Proprio nel corso della giornata di domenica 1 Giugno, però, al Nord Italia la struttura anticiclonica comincerà ad essere meno solida e ci sarà un probabile calo di geopotenziali su questa area del nostro paese. Tale situazione, favorirà lo sviluppo di instabilità pomeridiana/serale con possibili temporali localmente anche intensi a partire da Alpi e Prealpi in possibile estensione verso le aree adiacenti.
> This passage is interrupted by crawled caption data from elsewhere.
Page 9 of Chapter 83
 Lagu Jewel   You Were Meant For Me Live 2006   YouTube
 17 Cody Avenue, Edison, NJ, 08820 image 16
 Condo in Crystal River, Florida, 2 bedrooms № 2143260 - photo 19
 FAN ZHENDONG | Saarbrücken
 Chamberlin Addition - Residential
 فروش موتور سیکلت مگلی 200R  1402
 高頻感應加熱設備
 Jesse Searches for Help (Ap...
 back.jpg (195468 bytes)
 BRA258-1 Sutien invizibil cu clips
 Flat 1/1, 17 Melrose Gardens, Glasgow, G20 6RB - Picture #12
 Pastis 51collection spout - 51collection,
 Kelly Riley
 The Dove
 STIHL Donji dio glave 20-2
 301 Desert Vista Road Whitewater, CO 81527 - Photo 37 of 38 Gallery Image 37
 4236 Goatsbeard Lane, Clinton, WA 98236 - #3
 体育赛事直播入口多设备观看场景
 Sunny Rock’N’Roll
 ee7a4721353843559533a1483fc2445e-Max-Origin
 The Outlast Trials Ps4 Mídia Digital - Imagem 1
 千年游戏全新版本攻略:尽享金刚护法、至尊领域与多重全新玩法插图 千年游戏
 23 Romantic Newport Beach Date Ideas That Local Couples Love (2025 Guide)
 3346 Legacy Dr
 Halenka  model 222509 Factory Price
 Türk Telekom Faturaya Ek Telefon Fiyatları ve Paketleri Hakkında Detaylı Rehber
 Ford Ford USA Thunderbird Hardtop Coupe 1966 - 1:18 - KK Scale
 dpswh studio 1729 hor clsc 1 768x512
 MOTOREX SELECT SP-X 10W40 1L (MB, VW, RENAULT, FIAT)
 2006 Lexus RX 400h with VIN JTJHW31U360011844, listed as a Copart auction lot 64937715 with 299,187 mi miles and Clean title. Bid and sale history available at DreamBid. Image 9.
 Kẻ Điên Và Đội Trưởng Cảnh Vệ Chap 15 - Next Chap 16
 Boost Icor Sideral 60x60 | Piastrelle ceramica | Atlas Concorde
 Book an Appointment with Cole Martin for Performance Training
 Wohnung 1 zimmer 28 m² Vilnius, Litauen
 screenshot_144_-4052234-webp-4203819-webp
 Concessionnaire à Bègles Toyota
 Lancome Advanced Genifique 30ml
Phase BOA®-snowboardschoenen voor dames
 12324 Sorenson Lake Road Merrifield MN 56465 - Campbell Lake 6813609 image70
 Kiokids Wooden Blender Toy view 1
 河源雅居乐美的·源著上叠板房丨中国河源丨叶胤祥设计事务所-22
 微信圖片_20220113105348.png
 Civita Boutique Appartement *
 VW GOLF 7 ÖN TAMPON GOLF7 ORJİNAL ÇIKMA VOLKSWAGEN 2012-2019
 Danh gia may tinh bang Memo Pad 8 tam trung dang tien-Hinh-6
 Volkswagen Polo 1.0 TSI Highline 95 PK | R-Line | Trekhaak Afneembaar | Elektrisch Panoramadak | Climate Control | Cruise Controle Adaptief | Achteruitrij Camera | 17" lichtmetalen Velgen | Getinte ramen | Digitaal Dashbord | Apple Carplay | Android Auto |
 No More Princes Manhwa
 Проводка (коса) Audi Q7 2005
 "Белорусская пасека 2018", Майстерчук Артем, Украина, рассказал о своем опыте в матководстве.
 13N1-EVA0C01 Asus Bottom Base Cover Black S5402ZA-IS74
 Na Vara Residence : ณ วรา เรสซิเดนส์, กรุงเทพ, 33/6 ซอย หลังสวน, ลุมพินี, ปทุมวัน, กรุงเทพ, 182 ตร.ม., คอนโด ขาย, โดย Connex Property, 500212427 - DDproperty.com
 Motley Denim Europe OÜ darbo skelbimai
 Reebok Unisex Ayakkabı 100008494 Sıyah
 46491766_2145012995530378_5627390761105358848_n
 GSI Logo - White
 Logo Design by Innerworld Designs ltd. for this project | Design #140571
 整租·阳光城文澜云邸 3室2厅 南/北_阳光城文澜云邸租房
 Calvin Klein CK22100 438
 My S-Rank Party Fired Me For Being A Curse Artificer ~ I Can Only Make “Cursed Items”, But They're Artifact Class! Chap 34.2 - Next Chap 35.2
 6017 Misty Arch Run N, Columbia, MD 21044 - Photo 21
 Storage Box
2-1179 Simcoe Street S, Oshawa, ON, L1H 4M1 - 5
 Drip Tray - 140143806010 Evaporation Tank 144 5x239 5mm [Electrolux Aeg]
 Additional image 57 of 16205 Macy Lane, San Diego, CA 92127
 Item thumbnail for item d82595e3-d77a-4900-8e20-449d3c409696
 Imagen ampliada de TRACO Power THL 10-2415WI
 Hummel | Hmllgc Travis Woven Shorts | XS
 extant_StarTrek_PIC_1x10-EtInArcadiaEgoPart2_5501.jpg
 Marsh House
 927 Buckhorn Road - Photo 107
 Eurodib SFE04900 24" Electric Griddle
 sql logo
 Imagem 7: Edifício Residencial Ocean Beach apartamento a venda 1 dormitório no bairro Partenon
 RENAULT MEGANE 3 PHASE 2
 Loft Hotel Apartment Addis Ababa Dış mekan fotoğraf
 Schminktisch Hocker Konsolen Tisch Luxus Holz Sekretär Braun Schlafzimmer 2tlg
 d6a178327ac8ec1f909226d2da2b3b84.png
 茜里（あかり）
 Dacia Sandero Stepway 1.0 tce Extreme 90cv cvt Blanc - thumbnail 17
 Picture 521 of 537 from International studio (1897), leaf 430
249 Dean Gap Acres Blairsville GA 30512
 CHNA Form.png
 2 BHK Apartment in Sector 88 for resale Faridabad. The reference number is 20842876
Sole, caldo, ma ci sono i temporali, ecco dove
Sole e caldo continueranno a dominare la scena meteorologica italiana sul Centro-Sud con tanta stabilità e belle giornate a caratterizzare questo ponte che avrà caratteristiche pienamente estive. Sarà caldo, specialmente al Sud Italia con temperature che potrebbero raggiungere o superare i 30 gradi.
Come dicevamo poco sopra, torna il rischio di temporali. I fenomeni temporaleschi interesseranno prevalentemente Alpi, Prealpi e settori adiacenti (fasce pedemontane e di alta pianura) del Nord Italia nel pomeriggio/sera e nel corso della notte. Le regioni interessate dovrebbero essere Piemonte, Lombardia, Trentino Alto-Adige, Veneto e Friuli-Venezia Giulia. Durante la giornata il tempo risulterà anche soleggiato e caldo mentre sulle medio-basse pianure del Nord Italia non ci si accorgerà di questa situazione instabile. Questo aumento dell’instabilità potrebbe essere il “preavviso” di un più intenso peggioramento delle condizioni atmosferiche a partire da martedì 3 Giugno, ma servono ancora conferme a riguardo.